How to prevent Cuda out of memory errors in Lesson 4?


(Paulo Eduardo Neves) #1

After a lot of problems to get the Lesson 4 Sentiment Notebook (lesson4-imdb.ipynb) to run in my Windows 10 machine, now I’m stuck in a out of cuda memory error.

When it starts to train the Sentiment classifier, in this cell:

m3.freeze_to(-1)
m3.fit(lrs/2, 1, metrics=[accuracy])
m3.unfreeze()
m3.fit(lrs, 1, metrics=[accuracy], cycle_len=1)

it always fails with the message (complete stack trace at the end of the message):

RuntimeError: cuda runtime error (2) : out of memory at c:\anaconda2\conda-bld\pytorch_1519501749874\work\torch\lib\thc\generic/THCStorage.cu:58

I have a Nvidia GTX 1060 with 6Gb of memory. Usually reducing the batch size allows me to run the models, but this time it wasn’t enough. I changed from the commented value to the below, but still get the error. :

#bs=64; bptt=70
bs=32;bptt=30

I’m also mantaining these parameters set:

em_sz = 200  # size of each embedding vector
nh = 500     # number of hidden activations per layer
nl = 3       # number of layers

If I change these parameters the leaner.fit call fails in the Train section fails also with an out of memory cuda error. it looks like that a lot of info is being cached in notebook. If I change it and try to run just the Sentiment section, I also get an out of memory.

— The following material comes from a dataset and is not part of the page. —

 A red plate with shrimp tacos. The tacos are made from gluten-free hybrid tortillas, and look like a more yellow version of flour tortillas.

Please, would someone give me some orientations about how should I change my parameters so that I can run it in my 6Gb gpu?

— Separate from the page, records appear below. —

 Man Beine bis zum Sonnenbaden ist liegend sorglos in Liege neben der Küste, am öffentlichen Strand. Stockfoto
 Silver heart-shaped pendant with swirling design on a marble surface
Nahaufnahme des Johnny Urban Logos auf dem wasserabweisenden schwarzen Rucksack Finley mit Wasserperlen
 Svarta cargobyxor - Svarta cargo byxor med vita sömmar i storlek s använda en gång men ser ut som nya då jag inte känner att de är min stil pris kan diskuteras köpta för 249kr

Ops, I’ve just lost my stack trace. I’ll run it again and post it here tomorrow.


(Chris Palmer) #2

Hi @neves - I am interested if you worked through this. I have an even worse GPU that the 1060 (a 650 Ti 2G) and was wondering if I could “upgrade” my limited capacity system to 1060 or 1070. So to find that the NLP is producing out of memory issues on a 6G card is interesting to me.